To recap, it appears that Hollande's Government is resurrecting its long term industrial policy in order potentially to thwart GE's bid $13 billion bid for certain power assets at its industrial champion Alstom, even turning to the Germans to prevent Jeff Immelt's plans for a tie-up. Funny that the French should see Siemens as a white knight given that CEO Joe Kaeser has been scything jobs since he took over last year in order to turn around the German behemoth.

At the same time, US pharma giant Pfizer is back in the bidding for AstraZeneca for the second time this year in a deal that could see another massive chunk of corporate UK fall into foreign hands.

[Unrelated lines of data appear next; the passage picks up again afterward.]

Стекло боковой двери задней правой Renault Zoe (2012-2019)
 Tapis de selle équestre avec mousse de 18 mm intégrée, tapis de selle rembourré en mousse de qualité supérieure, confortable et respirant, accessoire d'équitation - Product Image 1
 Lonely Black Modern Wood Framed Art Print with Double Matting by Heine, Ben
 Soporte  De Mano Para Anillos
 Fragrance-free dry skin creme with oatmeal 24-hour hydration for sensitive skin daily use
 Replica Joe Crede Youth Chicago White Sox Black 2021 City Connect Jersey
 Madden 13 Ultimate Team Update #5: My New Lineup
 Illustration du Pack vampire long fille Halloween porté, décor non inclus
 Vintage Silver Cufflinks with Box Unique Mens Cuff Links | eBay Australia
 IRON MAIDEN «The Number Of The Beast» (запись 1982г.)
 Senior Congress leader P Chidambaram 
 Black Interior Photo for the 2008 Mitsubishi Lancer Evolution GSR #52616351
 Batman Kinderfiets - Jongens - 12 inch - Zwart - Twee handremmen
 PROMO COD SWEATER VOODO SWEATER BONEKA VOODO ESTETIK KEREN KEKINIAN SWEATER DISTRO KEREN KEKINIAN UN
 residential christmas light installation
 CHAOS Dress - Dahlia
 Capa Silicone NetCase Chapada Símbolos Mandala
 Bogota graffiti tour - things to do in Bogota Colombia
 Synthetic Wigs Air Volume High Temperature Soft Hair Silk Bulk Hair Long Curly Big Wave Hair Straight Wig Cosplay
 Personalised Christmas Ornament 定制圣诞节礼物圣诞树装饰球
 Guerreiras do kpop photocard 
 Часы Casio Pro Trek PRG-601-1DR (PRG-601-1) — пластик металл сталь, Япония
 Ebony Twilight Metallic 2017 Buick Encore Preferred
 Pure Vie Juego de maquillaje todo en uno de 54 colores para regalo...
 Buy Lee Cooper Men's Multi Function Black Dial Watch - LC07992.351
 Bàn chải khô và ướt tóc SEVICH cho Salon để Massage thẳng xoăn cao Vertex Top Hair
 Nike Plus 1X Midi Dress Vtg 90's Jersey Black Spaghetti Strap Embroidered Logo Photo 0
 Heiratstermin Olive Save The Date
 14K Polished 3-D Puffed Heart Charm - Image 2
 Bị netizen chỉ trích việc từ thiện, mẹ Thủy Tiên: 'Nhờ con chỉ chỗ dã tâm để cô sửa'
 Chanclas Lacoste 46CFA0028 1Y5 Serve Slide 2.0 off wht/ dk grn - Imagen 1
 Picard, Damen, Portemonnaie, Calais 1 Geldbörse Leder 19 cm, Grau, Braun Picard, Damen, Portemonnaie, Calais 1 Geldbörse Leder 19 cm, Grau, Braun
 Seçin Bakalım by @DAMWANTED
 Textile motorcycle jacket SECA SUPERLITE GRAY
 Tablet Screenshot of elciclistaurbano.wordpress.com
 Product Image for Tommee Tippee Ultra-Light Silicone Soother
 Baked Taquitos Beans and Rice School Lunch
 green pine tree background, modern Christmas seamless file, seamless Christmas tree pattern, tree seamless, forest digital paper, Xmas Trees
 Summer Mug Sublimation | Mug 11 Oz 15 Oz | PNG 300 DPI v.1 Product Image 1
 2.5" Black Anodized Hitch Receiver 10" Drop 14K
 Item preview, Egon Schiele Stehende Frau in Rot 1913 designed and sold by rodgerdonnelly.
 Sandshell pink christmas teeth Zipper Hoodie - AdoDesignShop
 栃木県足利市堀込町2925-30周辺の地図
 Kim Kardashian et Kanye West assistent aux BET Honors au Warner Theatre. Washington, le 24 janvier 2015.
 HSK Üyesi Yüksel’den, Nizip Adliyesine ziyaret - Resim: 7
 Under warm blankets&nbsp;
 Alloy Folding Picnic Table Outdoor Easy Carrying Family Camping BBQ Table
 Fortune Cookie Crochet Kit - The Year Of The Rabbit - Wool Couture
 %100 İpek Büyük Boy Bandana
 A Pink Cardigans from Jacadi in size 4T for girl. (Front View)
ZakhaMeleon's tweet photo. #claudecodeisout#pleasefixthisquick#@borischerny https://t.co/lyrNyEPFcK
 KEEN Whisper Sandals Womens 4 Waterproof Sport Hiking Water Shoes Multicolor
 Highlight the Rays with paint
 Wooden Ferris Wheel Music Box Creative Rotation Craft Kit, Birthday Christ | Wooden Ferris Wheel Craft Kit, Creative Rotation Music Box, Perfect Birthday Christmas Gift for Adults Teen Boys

Now it's easy to take the line that the French are once again putting their finger in the dam which prevents the globalization onslaught while the British are right to allow free trade and the healthy cross-border trade. After all, it's Britain's open attitude to markets and trade that has got us back on track, right? And it's the French attitude to the irrational protection of jobs that has left them in the economic mire?

Maybe, maybe not but deep down I can't help admire a nation that fights tooth and nail for its companies, its jobs and its identity. Go on admit it, it hits a jingoistic nerve every time a British company is the one doing the buying rather than being the prey. You only have to look at the Kraft-Cadbury deal to see what a sulk we go into every time one of our big companies gets gobbled up.

Actually, we all know of course that the polarized government attitude to big business cross-border deals in the UK and France have little input into the ultimate success of their companies. It's a little more obvious why the UK is doing pretty well relatively at the moment. According to Bernard Charles, the immensely successful CEO of French company Dassault Systemes, it comes down to labor flexibility and tax. Even Hollande should be able to work out that: if over in France, companies are paying 38 percent tax while less than 21 miles away, companies can get away with a headline rate of 21 percent, then something has got to give.

Of course, most employees of AstraZeneca I'll bet couldn't give a jot whether they're working for a company based in New York or London, especially given the fact that actually only about half of them even work in Britain. And as for Alstom, the truth is that less than 20 percent of its employees even work in France. Nice then that the French Government is protecting such a French institution.